#### GIVEN INFORMATION:
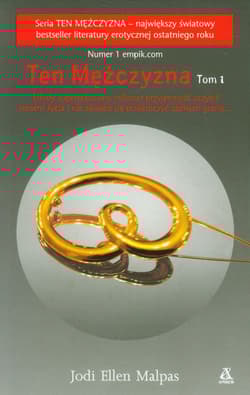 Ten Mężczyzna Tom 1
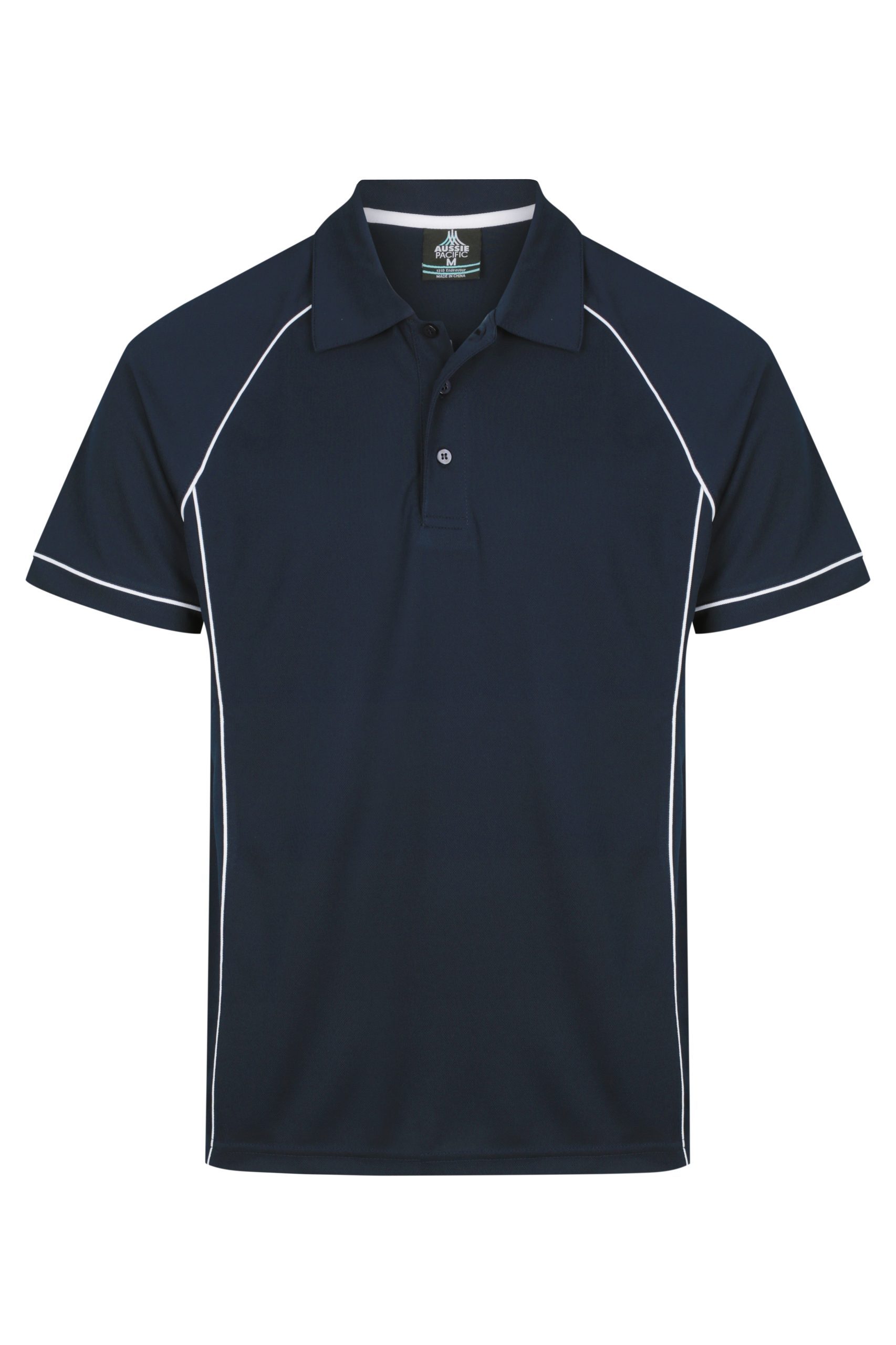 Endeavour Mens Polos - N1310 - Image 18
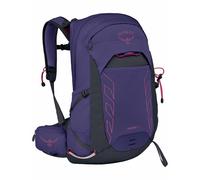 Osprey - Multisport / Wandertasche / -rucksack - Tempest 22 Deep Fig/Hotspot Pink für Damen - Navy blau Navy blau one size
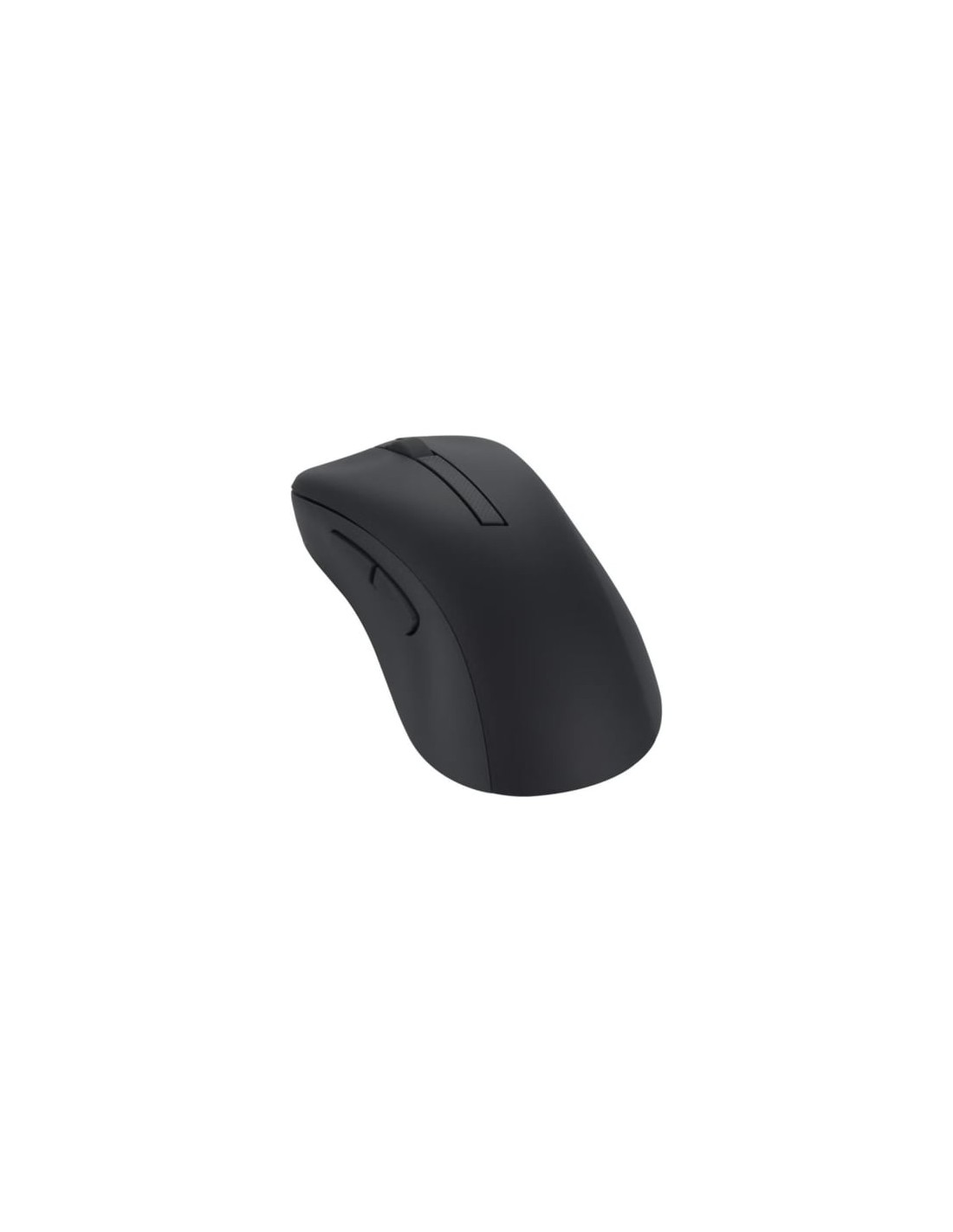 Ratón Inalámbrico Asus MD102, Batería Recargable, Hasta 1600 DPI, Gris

#### WHAT IS BEING ASKED:
Give the data again exactly. Keep the images out.

#### ANSWER TO THE EXERCISE:
 Ten Mężczyzna Tom 1
 Endeavour Mens Polos - N1310 - Image 18
 Osprey - Multisport / Wandertasche / -rucksack - Tempest 22 Deep Fig/Hotspot Pink für Damen - Navy blau Navy blau one size
 Ratón Inalámbrico Asus MD102, Batería Recargable, Hasta 1600 DPI, Gris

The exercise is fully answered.